Хотя бы один

We use cookies. Read the Privacy and Cookie Policy

Хотя бы один

Мы все были в страшном напряжении, наши чувства бурлили, воздух как будто раскален, а люди — как порох: хватило бы даже искры, чтобы занялось пламя. Эта искра тлела в наших сердцах, ожидая дуновения ветра, который бы ее раздул, — но суровая холодная волна потушила ее.

Проклятые преступники, эти негодяи, чье единственное желание — выследить нас, поставить нам капкан, поймать нас, — поняли наши намерения и почувствовали наш настрой. Они прочли самые сокровенные наши мысли и увидели в них нашу духовную наготу. И, чтобы избежать нежелательных последствий, чтобы беспрепятственно осуществить задуманное и избавиться от нас, они обратились к старому известному принципу, ставшему девизом британской политики: «Разделяй и властвуй».

Они разделили нашу семью, уничтожили всеобщее чувство опасности — отныне боялись только «неприписанные». В ту минуту, когда братья, оставленные на работе в крематории, смогли забыть об этой опасности — опасности лишиться своего места, которое казалось им надежным, — у нас больше не осталось общих чувств и стремлений. Те, кто продолжал еще питать иллюзии в отношении своей судьбы, кто надеялся выжить, пережить этот кошмар, — оказались безоружны. У них пропало желание бороться. Инстинкт самосохранения не позволял им и помыслить о борьбе и мести.

Мы разделились на две группы — каждая думает о своем и каждая боится своего. Одна — над которой уже нависла страшная угроза, — и другая, которая еще не осознает опасности.

Бывшие братья стали друг другу чужими. Те, кого увозят от нас навсегда, сейчас стоят, бессильно опустив руки. Уверенность в завтрашнем дне, казавшаяся незыблемой, исчезла, и от братских чувств, от ощущения общей ответственности — один за всех и все за одного — не осталось и следа. Однако связующая нить между теми, кто уезжает, и теми, кто остается, порвана еще не полностью, ведь «приписанные» все-таки помнят, что им угрожает не меньшая опасность, и каждый из нас чувствует себя так, как будто от его тела живьем отрывают куски.

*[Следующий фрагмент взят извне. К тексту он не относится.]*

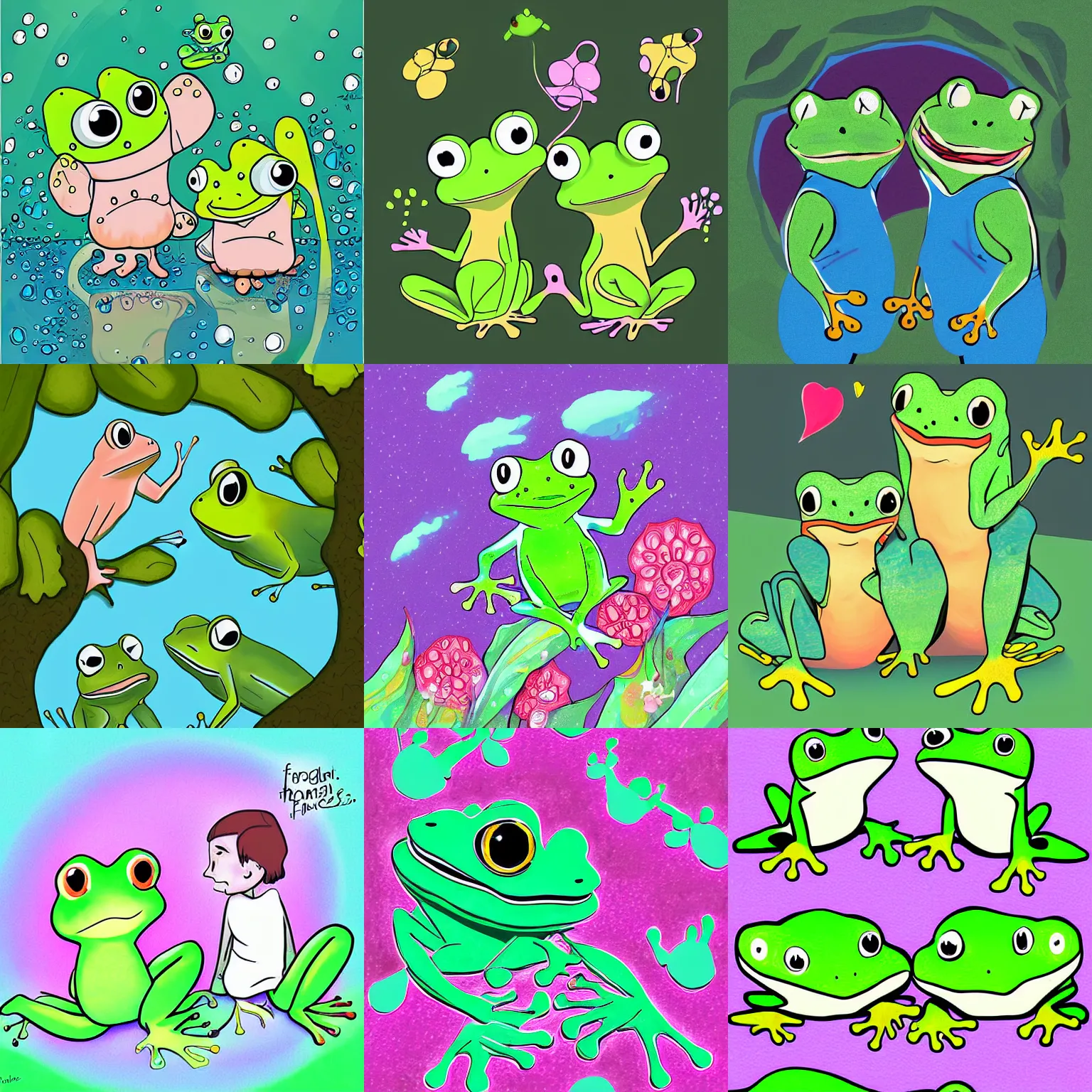Prompt: frog friends, digital art, cute, shoujo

И все же разница между нами есть: привилегия, полученная теми, кто остался приписанным к крематорию, дала им право думать, что первыми, кто ввяжется в бой, должны быть «они» — люди, над которыми уже занесен меч. Человеческая слабость — страх рисковать собой, страх потерять свою все равно обреченную жизнь — нашла себе хорошее оправдание.

Все смотрели на братьев, выстроившихся в колонны на плацу. Казалось: одно их движение — и мы бы тоже, не раздумывая, ринулись в бой. Все с радостью поддержат их порыв, все напряженно ждут того, что должно произойти в ближайшие минуты.

Но и тут стрелы наших врагов поп&аи в цель: разделение сбило с толку и тех, кому, казалось, уже нечего терять. Они видели, что между нами и ними выросла железная стена, что они остались в одиночестве и что нас с ними уже ничего не связывает. В это же заблуждение впали и мы. Если бы нашелся хоть один человек, который сохранил бы способность трезво мыслить, не поддался бы оглушающему действию разделения, этому опиуму, который бандиты влили в наши окаменевшие сердца, если бы он бросился в бой — тогда бы произошло чудо. Его воля окрылила бы всех нас, его движения вызвали бы бурю, из искр, тлеющих где-то в глубине, вспыхнуло бы пламя — и мир впервые услышал бы предсмертный вопль изверга и ликующую песнь победителей, детей истребленного народа.

Это был наш шанс, мы уже чувствовали муки, в которых должно было родиться что-то новое и небывалое, муки мести и героизма, — но в этих муках появилось на свет совсем другое дитя — трусость.